[Captioned web images]
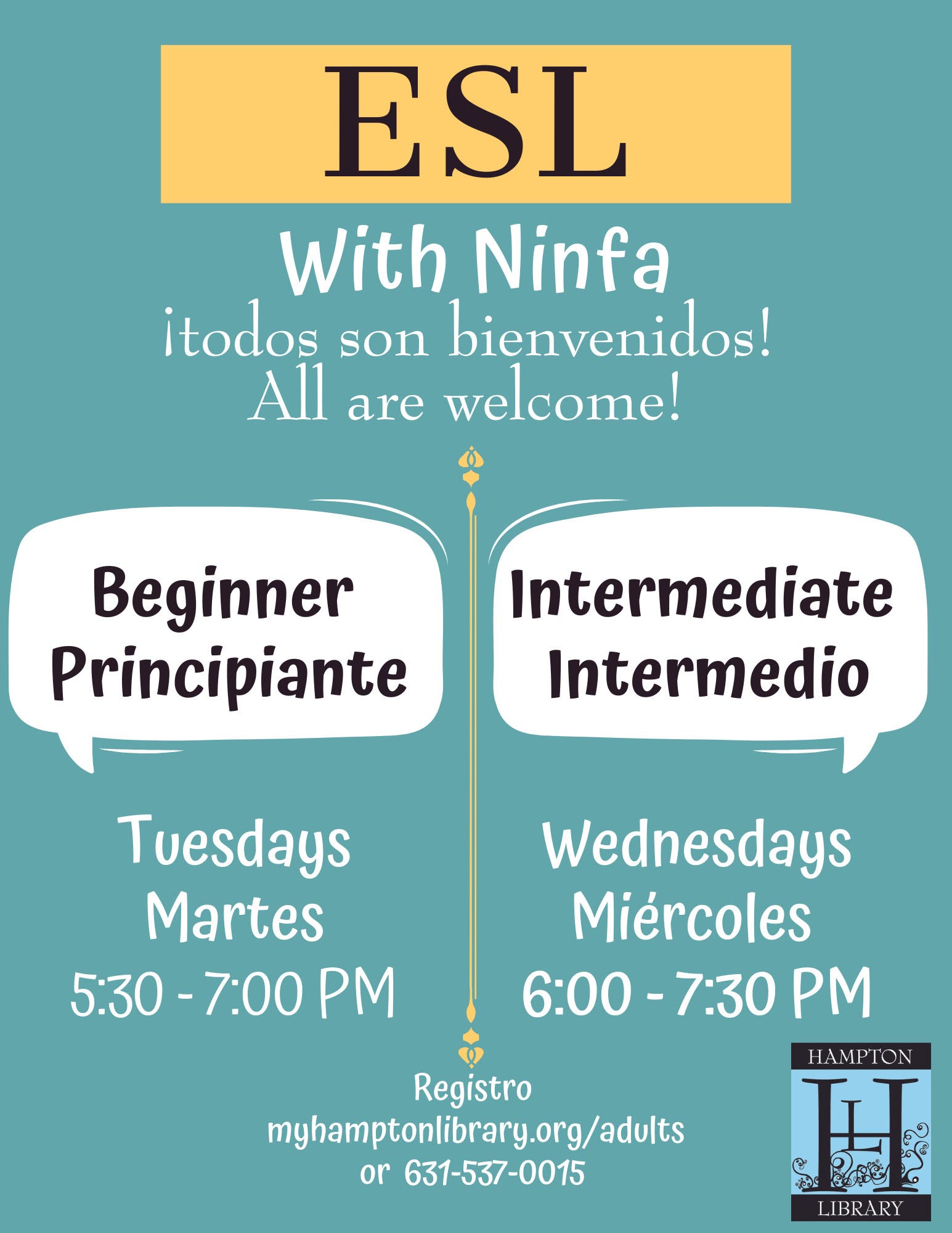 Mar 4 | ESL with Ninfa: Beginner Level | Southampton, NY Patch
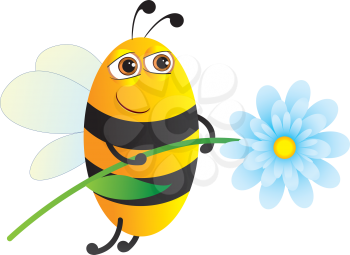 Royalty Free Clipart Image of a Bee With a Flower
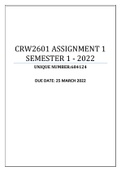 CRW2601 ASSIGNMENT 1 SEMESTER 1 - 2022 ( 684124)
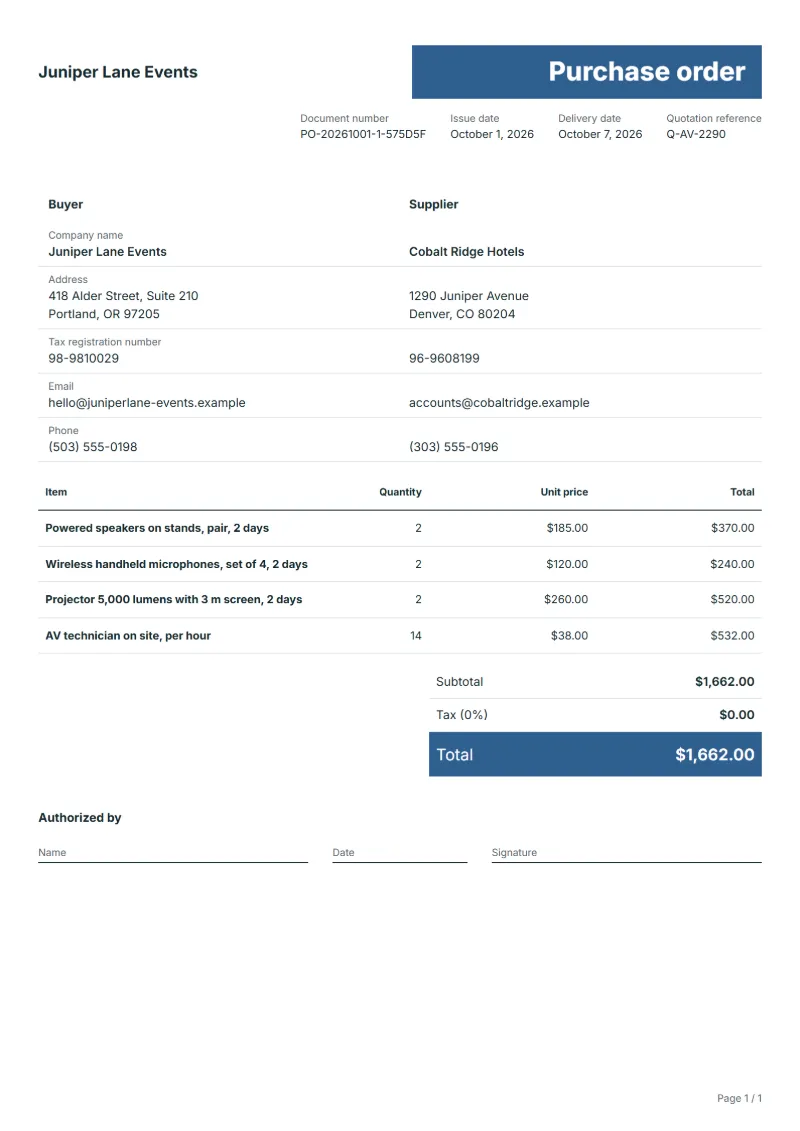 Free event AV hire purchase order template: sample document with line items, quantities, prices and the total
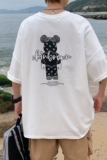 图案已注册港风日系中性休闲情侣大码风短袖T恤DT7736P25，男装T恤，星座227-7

* * *

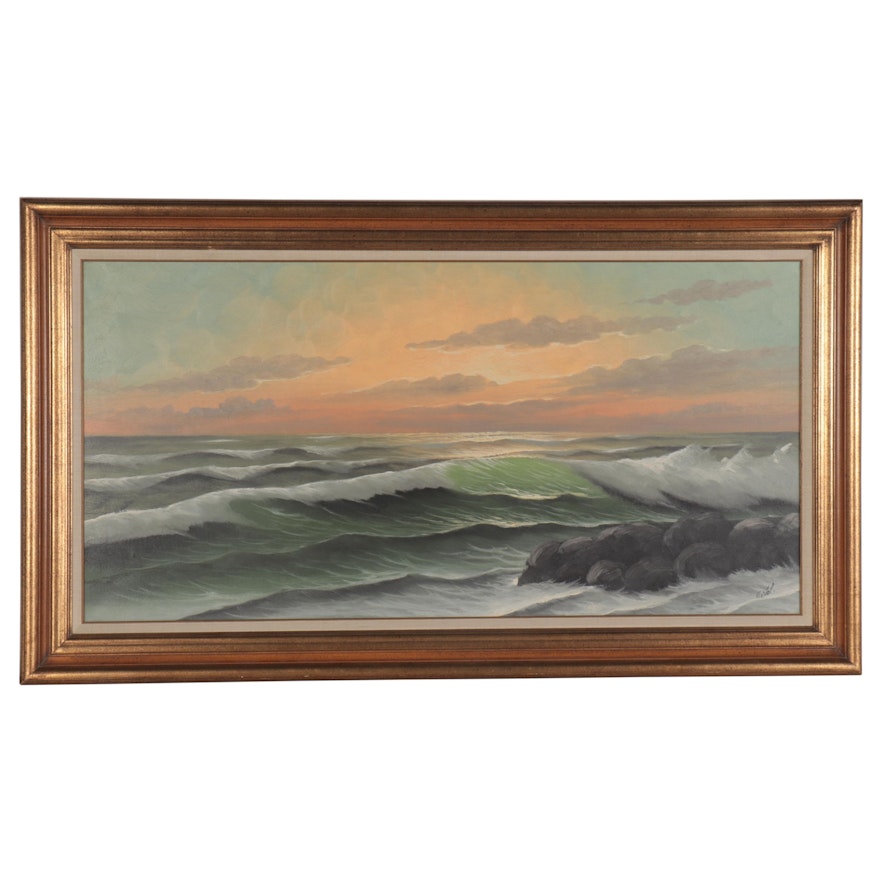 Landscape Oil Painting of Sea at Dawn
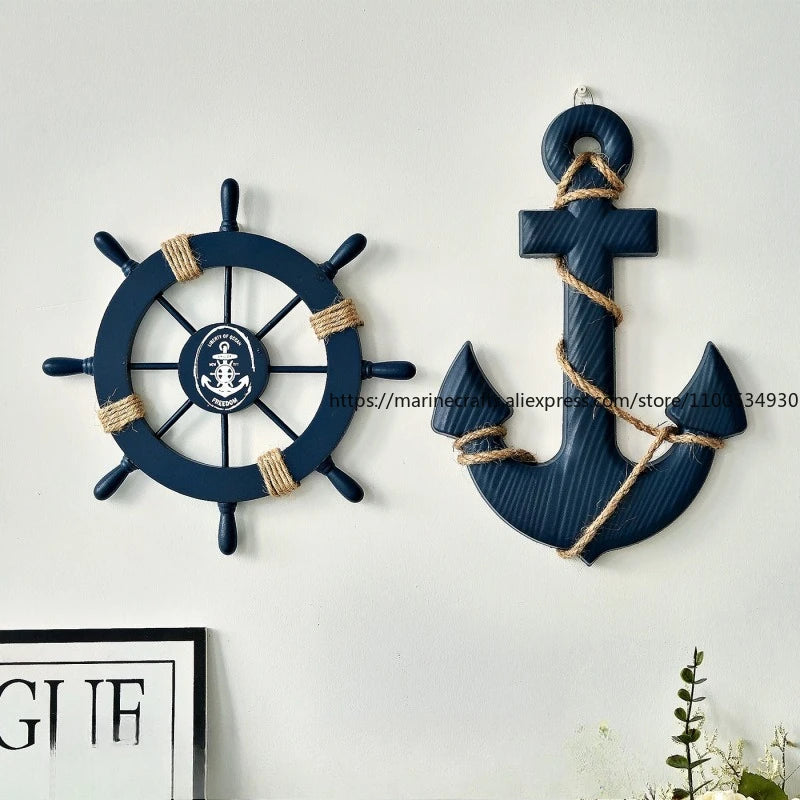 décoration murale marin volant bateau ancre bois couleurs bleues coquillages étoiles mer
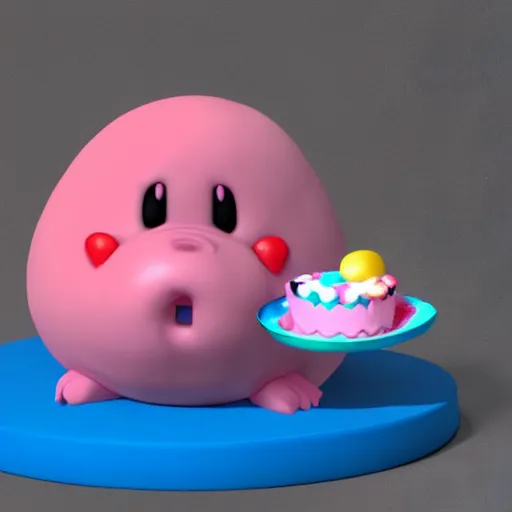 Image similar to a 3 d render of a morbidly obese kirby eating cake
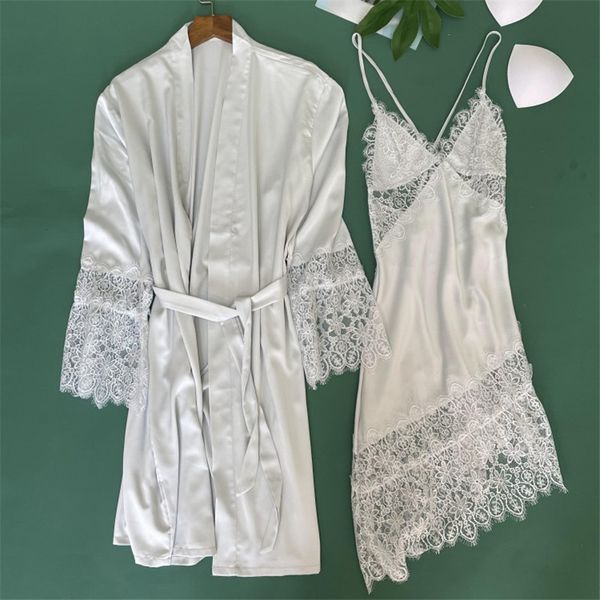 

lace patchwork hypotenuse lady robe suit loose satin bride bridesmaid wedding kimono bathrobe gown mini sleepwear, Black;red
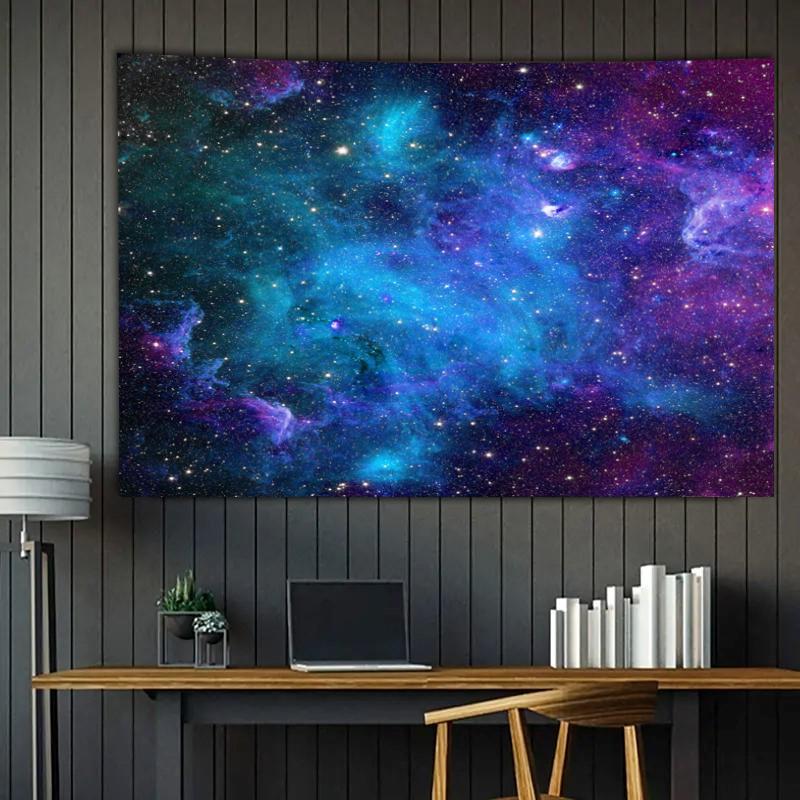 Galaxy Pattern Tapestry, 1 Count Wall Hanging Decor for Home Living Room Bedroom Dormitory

**What you need to do**
Take the lines above starting at the one containing "Mar 4 | ESL" and ending at the one containing "图案已注册港风日系中性休闲情", and print them again exactly, without pictures.

**Your solution**
 Mar 4 | ESL with Ninfa: Beginner Level | Southampton, NY Patch
 Royalty Free Clipart Image of a Bee With a Flower
 CRW2601 ASSIGNMENT 1 SEMESTER 1 - 2022 ( 684124)
 Free event AV hire purchase order template: sample document with line items, quantities, prices and the total
 图案已注册港风日系中性休闲情侣大码风短袖T恤DT7736P25，男装T恤，星座227-7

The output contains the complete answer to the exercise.